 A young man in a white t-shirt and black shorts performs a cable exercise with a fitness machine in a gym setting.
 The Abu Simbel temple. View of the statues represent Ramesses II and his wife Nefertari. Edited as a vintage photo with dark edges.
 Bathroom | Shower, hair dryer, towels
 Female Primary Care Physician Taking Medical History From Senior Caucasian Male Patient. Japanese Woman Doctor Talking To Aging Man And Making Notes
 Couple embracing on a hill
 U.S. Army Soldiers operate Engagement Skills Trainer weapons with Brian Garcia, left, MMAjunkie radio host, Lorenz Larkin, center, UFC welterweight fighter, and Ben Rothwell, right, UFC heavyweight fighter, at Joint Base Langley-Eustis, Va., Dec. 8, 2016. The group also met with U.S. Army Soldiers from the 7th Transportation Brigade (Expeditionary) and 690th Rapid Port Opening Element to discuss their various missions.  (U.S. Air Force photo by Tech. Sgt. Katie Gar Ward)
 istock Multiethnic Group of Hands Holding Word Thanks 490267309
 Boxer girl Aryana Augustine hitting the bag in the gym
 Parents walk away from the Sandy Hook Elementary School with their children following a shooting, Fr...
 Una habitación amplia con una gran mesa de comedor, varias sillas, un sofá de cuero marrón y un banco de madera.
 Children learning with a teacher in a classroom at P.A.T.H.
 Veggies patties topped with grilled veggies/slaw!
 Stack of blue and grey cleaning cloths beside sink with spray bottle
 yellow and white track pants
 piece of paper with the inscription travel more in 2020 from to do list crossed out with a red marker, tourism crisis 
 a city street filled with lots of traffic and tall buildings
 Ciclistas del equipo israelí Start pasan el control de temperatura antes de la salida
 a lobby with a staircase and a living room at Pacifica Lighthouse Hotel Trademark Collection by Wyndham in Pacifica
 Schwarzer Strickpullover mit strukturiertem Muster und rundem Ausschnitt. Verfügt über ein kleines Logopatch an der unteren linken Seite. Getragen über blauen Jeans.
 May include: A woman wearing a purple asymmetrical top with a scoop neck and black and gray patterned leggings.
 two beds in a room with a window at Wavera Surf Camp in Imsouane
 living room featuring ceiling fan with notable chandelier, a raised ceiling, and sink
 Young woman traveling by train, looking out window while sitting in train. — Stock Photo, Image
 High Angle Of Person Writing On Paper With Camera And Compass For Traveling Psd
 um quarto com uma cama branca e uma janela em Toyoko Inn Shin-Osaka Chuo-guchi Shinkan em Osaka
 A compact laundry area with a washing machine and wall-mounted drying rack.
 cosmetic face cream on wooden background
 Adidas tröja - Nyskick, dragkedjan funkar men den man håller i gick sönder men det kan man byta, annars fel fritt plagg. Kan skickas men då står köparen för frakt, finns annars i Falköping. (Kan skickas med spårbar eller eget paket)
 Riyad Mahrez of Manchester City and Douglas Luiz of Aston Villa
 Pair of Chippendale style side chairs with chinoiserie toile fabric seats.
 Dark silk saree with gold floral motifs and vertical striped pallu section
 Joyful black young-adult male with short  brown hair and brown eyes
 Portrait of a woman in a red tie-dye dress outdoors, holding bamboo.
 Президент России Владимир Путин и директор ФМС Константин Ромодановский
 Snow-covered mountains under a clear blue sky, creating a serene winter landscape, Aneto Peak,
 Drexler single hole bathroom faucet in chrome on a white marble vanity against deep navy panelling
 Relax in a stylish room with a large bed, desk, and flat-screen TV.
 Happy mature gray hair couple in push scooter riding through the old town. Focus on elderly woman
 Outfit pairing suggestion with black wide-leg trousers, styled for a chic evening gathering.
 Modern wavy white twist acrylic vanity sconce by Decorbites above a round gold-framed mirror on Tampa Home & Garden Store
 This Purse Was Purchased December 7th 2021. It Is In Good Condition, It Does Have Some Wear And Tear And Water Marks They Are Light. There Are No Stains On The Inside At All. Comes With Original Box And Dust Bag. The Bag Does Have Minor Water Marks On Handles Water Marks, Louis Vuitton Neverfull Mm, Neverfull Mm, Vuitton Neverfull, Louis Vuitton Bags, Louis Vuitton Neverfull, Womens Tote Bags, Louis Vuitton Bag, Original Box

********

Wherever the word "living" appears in the data, return the whole line.

 a lobby with a staircase and a living room at Pacifica Lighthouse Hotel Trademark Collection by Wyndham in Pacifica
 living room featuring ceiling fan with notable chandelier, a raised ceiling, and sink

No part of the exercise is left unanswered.